Using a “One Size Fits All” Resume Writing Strategy
Your resume is not like a Halloween costume or a stretchy t-shirt. A one-size-fits-all resume that consistently results in interviews simply does not exist. Resume writing that is going to be effective should be targeted for the goal. At the very least, the resume should have a theme and direction with which your reader can identify. Most people think of the general resume without considering their reader. What if your resume is #55 out of 80 for review? If that hiring manager has to wade through tons of content that mean nothing to them to find what does, you have already lost the battle. Good resume writing entails hitting your reader with high value content inside of 10 seconds. Believe it or not, that is all the time you have to impress. If your job search is going to be broad, then you will need to develop a resume for each category. I know, I know, it sounds like a hassle. But so is a prolonged job search when your bills are piling up. Integrate targeted resume development and you will have a better chance for success.
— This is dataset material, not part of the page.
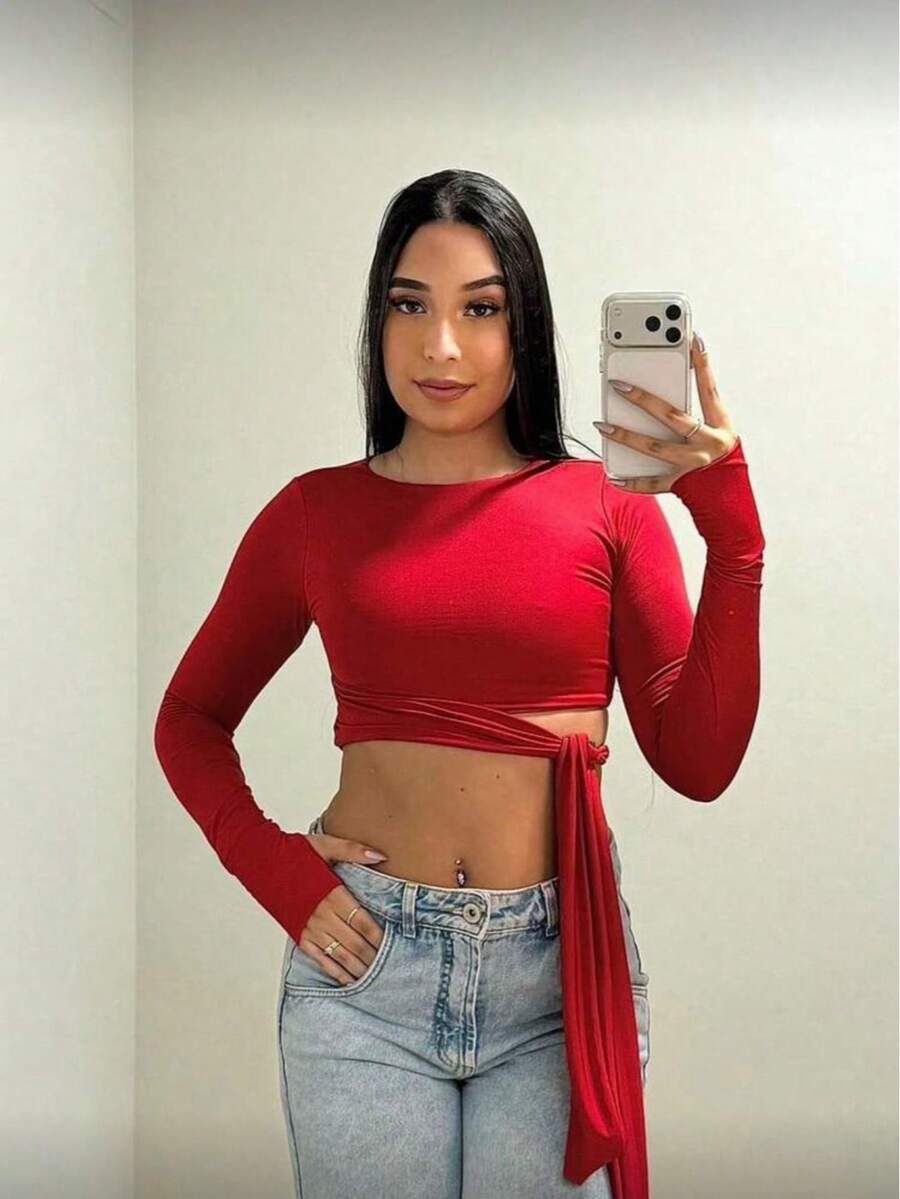 Women's Cropped Blouse In Spandex With Long Sleeves And Waist Tie, Tummy Controls, Comfortable, Autumn/Winter Fashion (Foreign Style) - 紅色 - 查看 1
Focusing Too Little on Non-Conventional Resume Variables
As resume writers, we communicate with clients all the time that believe that if they have the content, 90% of the work is already done. I am here to tell you, that could not be farther from the truth. As with any communications, what determines its success and comprehension by the recipient is not what you say, but how you say it. Effective resume writing not only focuses on the concepts, but visual layout, phraseology, font choice, spacing and design. Consider resume writing as print marketing for the job seeker. Look at the effort advertisers go to in order to frame their a message so that you will purchase their product. If the content was all that mattered, all commercials would simply say “buy this product” and that would be the extent of the message. But as we know, with most major corporations, the largest portion of their budget is advertising. They understand that an effective message is to be framed properly to facilitate action. Good resume writing is no different. Framing your conversation for the reader that we know has a particular mindset is key to getting them to call you for an interview. If you are preparing a resume without this in mind, then you will have poor results. Take care to frame your qualifications so that you “make the sale” to that hiring authority.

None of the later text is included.